• What you should do
Please make an exact copy of the lines from the one holding "Mute iPhone using AssistiveTouch" through the end of the data, both ends included, with no pictures.
++++ Task material ++++
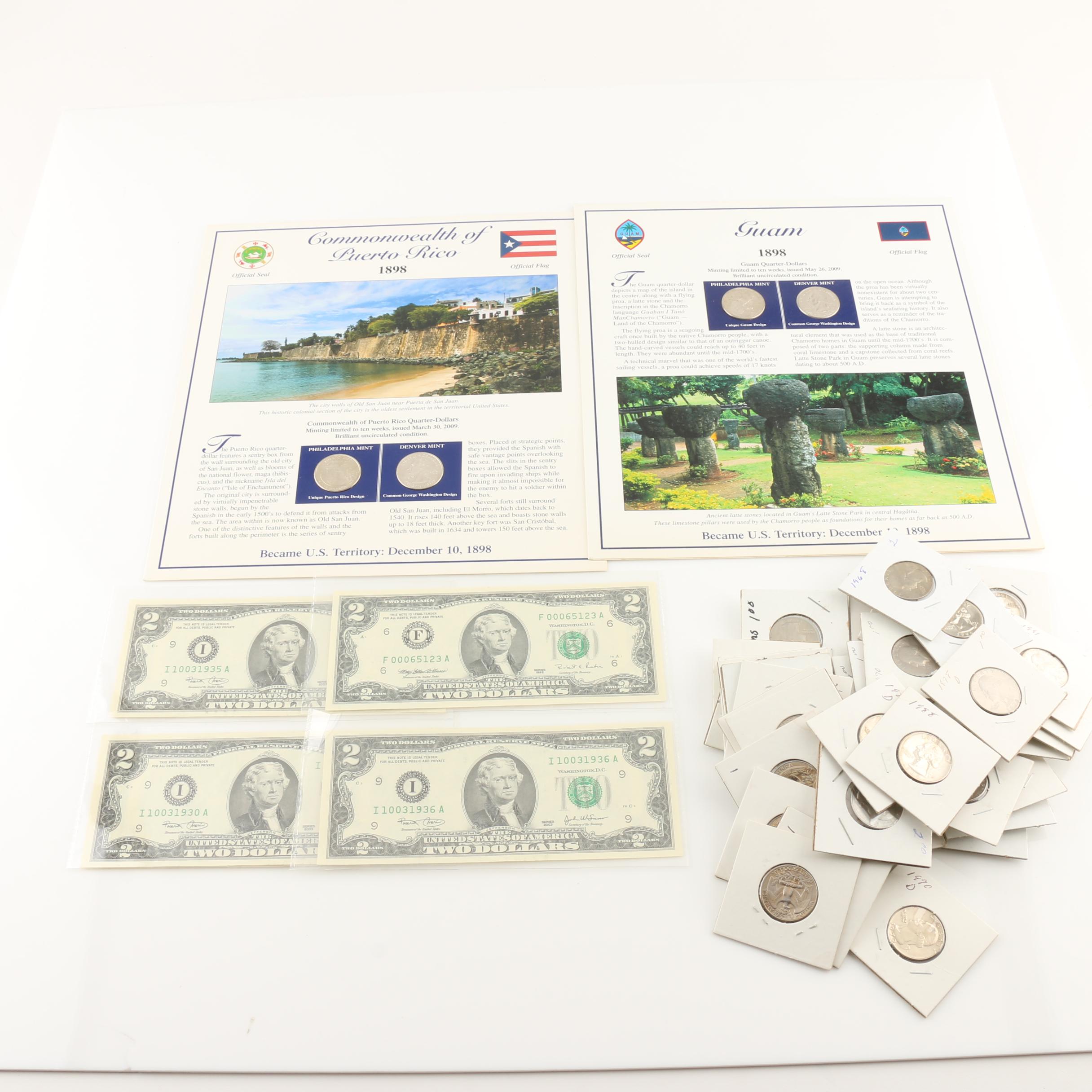 Assortment of Modern Washington Quarters and $2 Federal Reserve Notes
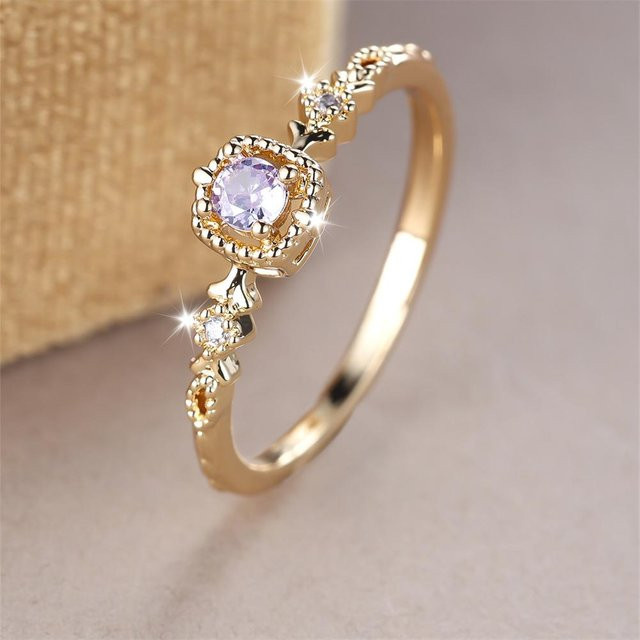 YIRAN Jewelry Ring, Kupfer, Gold, Zirkonia, Kristall, Damen - Bild 1
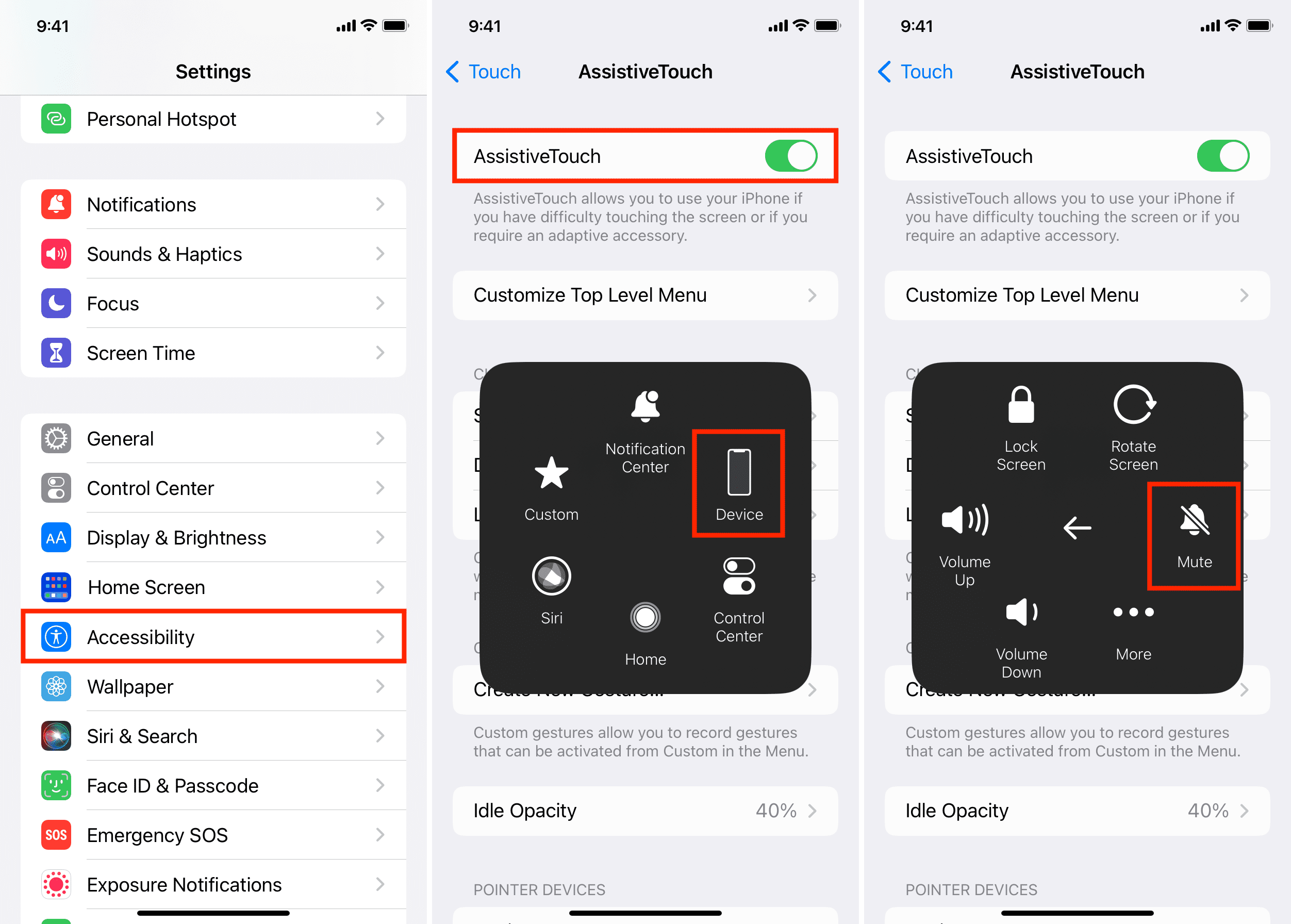 Mute iPhone using AssistiveTouch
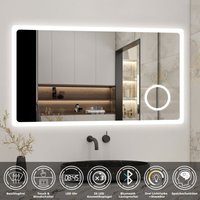 Acezanble - Badezimmerspiegel led Badspiegel Wandspiegel Touch Beschlagfrei+Uhr+Bluetooth+Kosmetikspiegel+3 Farben Dimmbar+LED Memory Funktion 120 x von ACEZANBLE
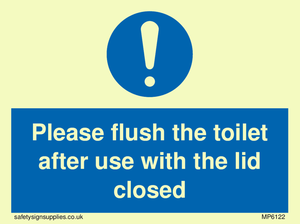 MP6122: Please flush the toilet after use with the lid closed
++++
• Output of the exercise
 Mute iPhone using AssistiveTouch
 Acezanble - Badezimmerspiegel led Badspiegel Wandspiegel Touch Beschlagfrei+Uhr+Bluetooth+Kosmetikspiegel+3 Farben Dimmbar+LED Memory Funktion 120 x von ACEZANBLE
 MP6122: Please flush the toilet after use with the lid closed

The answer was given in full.